General Terms and Conditions of Business and Services

I. General Provisions

  1. The written statements signed by both parties are decisive for the scope of deliveries or services (referred to herein as the "services"). The Customer's general terms of business are applicable only inasmuch as the Supplier or Provider (referred to herein as the “Supplier") has expressly agreed to these in writing.

  2. The Supplier reserves to have the unrestricted righst to his proprietary and copyright-related rights of usage where any quotations, drawings or other documentation is concerned (referred to herein as the "documentation"). The documentation may only be made accessible to third parties after obtaining prior approval from the Supplier; said material must be returned immediately on demand if the contract is not placed with the Supplier. Accordingly, Clauses 1 and 2 apply to the Customer’s documentation; this documentation should however not be made accessible to such third parties, to whom the Supplier has transferred such shipments.

  3. The Customer has the non-exclusive right to use the standard software with the agreed performance features in an unaltered form on the agreed equipment. The Customer is entitled to make a backup copy of the software without requiring express permission to do so.

  4. Partial deliveries are allowed inasmuch as this is reasonable to the Customer.

II. Prices and Payment Terms

1. The prices are understood to be ex works excluding packaging and are subject to the respective legal rate of value added tax (input tax).

2. If the Supplier has taken over the setup or assembly and nothing to the contrary has been agreed, then the Customer will be held responsible for all the incidental expenses such as travel costs, costs of transporting the tools or the personal luggage and per diems in addition to the agreed hotel and accommodation.

3. Payments must be made to the Supplier’s bank. The payment terms for the equipment deliveries are 2% 10 days or net 30 days. Invoices for exchange parts and repair work are payable net after receipt invoice.

4. The Customer can only offset any demands that are undisputed and legally ascertained to be enforceable.

III. Reserved Ownership

    1. The delivery items (goods with reserved ownership) remain the property of the Supplier until all the claims the Customer may be entitled to as a result of the business agreement are fulfilled. If the value of all the security rights to which the Supplier is entitled exceeds the value of all the secured rights by more than 20%, then the Supplier must release a corresponding portion of the security rights at the request of the Customer.

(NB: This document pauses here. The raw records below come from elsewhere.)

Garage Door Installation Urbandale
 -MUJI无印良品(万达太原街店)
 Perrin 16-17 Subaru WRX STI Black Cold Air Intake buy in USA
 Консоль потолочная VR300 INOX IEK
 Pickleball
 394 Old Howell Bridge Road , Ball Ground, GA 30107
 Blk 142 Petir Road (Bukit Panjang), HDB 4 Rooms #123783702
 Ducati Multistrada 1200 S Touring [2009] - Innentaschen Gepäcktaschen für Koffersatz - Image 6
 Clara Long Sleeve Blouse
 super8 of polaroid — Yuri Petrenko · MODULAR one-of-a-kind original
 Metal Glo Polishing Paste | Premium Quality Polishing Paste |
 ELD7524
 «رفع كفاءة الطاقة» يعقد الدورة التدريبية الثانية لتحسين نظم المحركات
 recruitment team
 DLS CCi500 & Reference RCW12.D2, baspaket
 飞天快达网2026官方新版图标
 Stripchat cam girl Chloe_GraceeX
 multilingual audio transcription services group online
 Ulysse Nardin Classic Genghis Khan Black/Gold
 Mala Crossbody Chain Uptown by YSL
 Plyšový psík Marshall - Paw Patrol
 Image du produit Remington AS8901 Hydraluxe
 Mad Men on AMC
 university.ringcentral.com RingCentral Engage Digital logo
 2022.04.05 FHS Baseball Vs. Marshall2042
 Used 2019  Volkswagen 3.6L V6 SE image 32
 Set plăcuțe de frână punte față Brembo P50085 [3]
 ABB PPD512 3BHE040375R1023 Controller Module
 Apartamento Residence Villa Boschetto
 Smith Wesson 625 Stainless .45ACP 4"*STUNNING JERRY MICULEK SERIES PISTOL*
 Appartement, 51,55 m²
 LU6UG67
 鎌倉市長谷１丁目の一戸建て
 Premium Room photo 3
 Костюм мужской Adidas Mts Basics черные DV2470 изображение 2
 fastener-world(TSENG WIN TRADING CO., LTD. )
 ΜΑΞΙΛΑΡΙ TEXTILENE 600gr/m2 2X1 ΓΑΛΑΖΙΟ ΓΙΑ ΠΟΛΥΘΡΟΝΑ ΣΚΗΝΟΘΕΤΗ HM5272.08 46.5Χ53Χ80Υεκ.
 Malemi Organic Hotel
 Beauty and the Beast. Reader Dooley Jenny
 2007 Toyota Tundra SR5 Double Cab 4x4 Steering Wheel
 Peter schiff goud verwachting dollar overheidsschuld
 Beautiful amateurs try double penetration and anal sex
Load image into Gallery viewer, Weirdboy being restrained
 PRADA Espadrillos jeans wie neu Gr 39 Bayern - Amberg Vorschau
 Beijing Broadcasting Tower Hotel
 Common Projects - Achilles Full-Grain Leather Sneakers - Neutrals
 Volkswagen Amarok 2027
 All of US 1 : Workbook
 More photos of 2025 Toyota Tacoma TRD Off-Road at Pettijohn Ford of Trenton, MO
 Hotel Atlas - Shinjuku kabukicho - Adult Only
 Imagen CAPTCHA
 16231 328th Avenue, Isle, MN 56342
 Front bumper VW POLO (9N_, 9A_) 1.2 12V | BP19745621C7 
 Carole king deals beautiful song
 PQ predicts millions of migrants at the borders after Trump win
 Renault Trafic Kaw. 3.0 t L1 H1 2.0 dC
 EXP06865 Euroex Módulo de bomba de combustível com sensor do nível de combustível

    2. During the period of reserved ownership, the Customer is forbidden to mortgage or transfer ownership by way of security but is permitted to resell the product solely to re-sellers as part of a normal business transaction; this is conditional on the fact that the re-seller receives payment from his customers or requires that the property only passes to the customer after he/she has fulfilled his/her payment obligations.

    3. The Purchaser must notify the Supplier immediately in the case of liens, seizure attachments or other orders or interventions by third parties.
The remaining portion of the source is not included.